Sauf que… sauf qu’il y a la mise en scène de Maya Bösch.
Parce que la confection solitaire d’un tapis au point noué, ce n’est peut-être pas aussi morne que cela en a l’air… Parce que même le fait de se préparer une tisane, peut devenir un acte avec plus de sensualité que prévu… on peut y mettre ce que l’on veut! Parce qu’être une femme seule, ce n’est pas être une vielle fille sans désir… Les deux comédiennes débarquent, sans y être vraiment invitées, dans la vie de cette Mademoiselle Rasch. Elles regardent sa vie par-dessus son épaule et lui soufflent que peut-être ce n’est pas la peine de faire tout cela avec autant de sérieux.
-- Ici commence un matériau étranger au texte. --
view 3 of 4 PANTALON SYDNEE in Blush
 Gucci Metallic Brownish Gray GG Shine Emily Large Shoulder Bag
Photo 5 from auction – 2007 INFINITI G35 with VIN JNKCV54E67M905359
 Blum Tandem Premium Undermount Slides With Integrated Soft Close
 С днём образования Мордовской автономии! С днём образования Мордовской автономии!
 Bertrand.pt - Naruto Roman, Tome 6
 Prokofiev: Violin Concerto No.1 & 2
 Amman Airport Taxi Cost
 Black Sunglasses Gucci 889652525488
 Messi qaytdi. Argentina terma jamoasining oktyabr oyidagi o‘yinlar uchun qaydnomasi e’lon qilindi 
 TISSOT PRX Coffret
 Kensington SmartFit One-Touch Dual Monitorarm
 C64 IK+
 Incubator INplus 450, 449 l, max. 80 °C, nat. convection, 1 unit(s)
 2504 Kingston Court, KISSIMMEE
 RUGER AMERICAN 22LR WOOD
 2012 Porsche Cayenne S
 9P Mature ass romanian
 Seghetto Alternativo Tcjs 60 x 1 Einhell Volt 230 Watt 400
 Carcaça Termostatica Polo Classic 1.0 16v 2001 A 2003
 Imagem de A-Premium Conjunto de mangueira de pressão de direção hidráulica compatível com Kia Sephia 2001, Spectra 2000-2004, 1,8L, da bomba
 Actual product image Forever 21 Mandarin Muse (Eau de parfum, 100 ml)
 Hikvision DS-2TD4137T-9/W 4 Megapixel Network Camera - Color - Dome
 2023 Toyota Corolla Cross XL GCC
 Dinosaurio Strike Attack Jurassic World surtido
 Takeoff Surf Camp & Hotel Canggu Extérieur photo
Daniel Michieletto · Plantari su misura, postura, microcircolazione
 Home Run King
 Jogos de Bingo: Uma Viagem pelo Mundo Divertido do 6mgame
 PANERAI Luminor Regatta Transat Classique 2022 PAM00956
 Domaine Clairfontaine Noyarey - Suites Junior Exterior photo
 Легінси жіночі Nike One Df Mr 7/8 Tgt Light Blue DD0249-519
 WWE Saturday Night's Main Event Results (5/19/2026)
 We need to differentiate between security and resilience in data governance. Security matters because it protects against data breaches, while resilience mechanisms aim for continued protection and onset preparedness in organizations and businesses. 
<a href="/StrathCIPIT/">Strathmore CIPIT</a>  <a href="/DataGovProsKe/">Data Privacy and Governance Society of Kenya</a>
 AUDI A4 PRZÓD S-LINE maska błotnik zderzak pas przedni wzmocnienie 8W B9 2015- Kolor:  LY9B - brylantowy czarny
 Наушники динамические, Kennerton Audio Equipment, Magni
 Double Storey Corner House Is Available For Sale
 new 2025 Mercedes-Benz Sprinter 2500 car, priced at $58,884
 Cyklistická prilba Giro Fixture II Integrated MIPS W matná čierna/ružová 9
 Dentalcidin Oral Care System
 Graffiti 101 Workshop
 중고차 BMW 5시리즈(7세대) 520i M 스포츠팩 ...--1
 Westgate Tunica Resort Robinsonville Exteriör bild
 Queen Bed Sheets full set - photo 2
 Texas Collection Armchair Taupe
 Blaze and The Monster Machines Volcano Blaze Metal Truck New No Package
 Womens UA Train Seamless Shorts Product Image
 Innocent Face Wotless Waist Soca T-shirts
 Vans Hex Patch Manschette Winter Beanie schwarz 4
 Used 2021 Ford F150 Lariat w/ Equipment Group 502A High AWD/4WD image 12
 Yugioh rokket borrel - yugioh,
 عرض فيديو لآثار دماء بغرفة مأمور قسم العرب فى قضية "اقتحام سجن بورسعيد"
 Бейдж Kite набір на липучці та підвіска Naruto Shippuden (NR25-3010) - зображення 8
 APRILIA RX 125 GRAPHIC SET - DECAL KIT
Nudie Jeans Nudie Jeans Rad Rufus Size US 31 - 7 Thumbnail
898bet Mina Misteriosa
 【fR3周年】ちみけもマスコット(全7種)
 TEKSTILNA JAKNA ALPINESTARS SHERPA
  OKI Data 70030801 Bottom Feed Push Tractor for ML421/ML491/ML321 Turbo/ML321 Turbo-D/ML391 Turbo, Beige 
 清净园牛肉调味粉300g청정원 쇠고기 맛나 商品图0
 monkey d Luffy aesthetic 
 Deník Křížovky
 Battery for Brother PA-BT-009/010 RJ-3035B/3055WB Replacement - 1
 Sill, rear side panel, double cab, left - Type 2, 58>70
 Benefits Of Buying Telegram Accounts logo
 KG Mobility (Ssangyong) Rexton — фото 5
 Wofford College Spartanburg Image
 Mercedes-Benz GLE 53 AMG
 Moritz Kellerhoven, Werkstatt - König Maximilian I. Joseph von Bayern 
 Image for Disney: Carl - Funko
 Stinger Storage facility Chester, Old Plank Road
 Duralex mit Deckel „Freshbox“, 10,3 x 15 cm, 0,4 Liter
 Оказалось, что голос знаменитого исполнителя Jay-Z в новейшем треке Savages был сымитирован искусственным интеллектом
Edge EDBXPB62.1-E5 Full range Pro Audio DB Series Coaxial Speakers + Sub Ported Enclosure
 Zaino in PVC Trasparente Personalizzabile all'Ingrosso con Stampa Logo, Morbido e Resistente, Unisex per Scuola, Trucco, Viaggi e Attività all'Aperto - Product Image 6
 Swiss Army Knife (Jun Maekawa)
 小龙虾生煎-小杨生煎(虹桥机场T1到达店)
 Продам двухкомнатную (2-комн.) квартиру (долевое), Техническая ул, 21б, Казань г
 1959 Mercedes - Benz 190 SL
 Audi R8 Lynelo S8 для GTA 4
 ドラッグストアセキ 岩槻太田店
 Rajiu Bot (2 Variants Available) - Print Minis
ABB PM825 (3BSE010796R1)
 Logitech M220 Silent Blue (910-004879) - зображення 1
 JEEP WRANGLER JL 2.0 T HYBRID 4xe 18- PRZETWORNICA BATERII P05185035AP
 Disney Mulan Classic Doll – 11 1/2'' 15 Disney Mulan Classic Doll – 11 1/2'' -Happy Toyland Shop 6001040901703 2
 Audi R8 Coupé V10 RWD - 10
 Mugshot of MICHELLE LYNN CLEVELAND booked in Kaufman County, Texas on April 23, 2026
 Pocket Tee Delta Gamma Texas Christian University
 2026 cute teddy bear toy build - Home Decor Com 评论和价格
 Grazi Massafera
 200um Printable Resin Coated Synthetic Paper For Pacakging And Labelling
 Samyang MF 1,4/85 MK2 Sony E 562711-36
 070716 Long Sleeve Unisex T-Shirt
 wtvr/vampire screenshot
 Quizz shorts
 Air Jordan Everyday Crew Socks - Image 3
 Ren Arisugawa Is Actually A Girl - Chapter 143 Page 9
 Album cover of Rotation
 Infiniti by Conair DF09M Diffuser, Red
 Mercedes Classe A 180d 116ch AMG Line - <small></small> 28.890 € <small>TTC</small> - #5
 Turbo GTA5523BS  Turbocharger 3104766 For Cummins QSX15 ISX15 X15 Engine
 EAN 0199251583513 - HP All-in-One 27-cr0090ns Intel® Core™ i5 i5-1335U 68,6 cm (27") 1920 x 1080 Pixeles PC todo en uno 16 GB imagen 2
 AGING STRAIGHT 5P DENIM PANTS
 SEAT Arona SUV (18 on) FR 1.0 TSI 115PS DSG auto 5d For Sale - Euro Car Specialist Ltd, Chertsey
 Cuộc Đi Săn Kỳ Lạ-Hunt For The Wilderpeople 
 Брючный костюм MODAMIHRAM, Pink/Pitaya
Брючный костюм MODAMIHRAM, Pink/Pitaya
En tant que spectatrice, c’est à la fois cette radiographie d’une vie aliénée, pas si éloignée de la mienne, qui m’a écrasée dans mon fauteuil mais aussi quelque chose de foutraque qui s’insinue, qui donne un autre ton, un autre signal. Celui de ne pas rester figée, de ne pas forcément laver ses bas le soir pour que tout soit propre en ordre, de prendre du plaisir là où il n’est pas. Et puis même si un coup de blues nous a fait avoir la main lourde sur les somnifères, qui dit que la coupe de Prosecco qui s’en suit soit forcément suicidaire? Peut-être juste que tout d’un coup on s’est dit que les bulles pouvaient mettre du pétillant dans la vie, et tant pis pour le mal de tête du lendemain.
Je ne sais pas si un autre monde est possible, mais au moins une version juste un peu différente qui ne renonce pas systématiquement, qui ne s’enferme pas. Une version dans laquelle on sort, dans laquelle on va au théâtre plutôt que ranger encore une fois son petit chez soi.